Data to examine
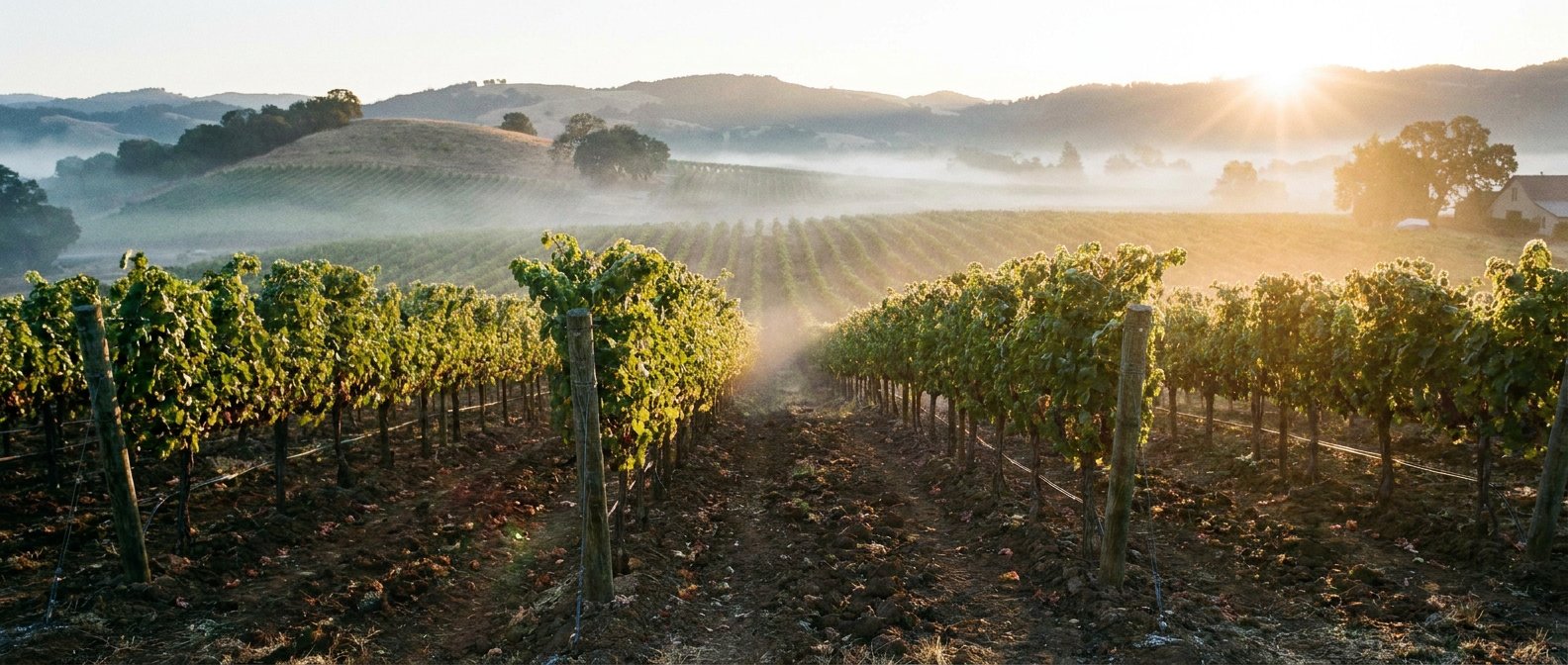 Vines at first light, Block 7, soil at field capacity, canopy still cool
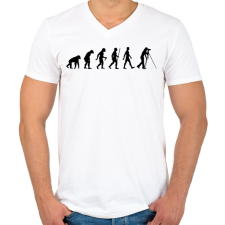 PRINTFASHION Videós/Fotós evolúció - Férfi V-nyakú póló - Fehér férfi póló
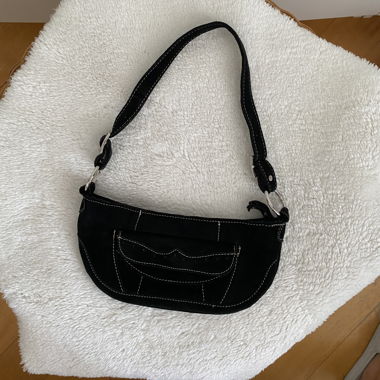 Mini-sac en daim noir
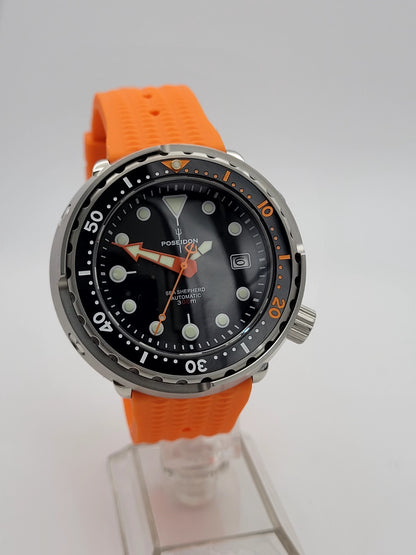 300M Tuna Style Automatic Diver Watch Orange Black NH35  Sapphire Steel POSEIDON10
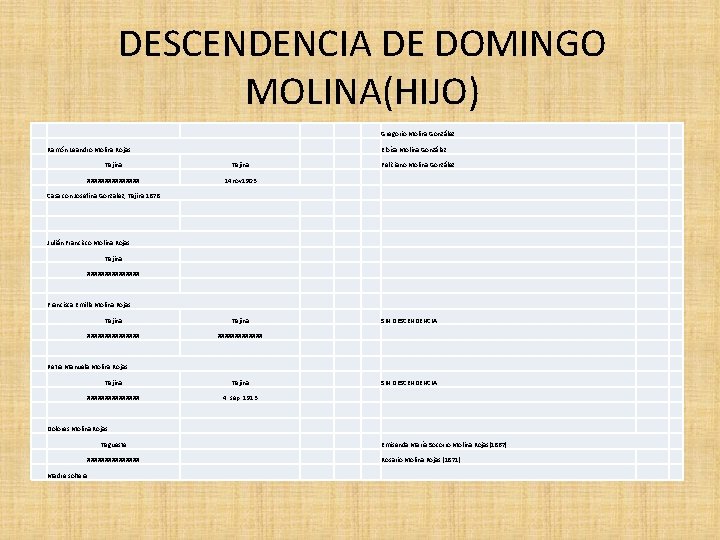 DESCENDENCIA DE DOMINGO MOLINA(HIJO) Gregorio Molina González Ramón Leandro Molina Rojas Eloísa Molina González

Assignment
Pictures are to be left out; the listing above is otherwise to be copied exactly.

Response to this task
 Vines at first light, Block 7, soil at field capacity, canopy still cool
 PRINTFASHION Videós/Fotós evolúció - Férfi V-nyakú póló - Fehér férfi póló
 Mini-sac en daim noir
 300M Tuna Style Automatic Diver Watch Orange Black NH35  Sapphire Steel POSEIDON10
 DESCENDENCIA DE DOMINGO MOLINA(HIJO) Gregorio Molina González Ramón Leandro Molina Rojas Eloísa Molina González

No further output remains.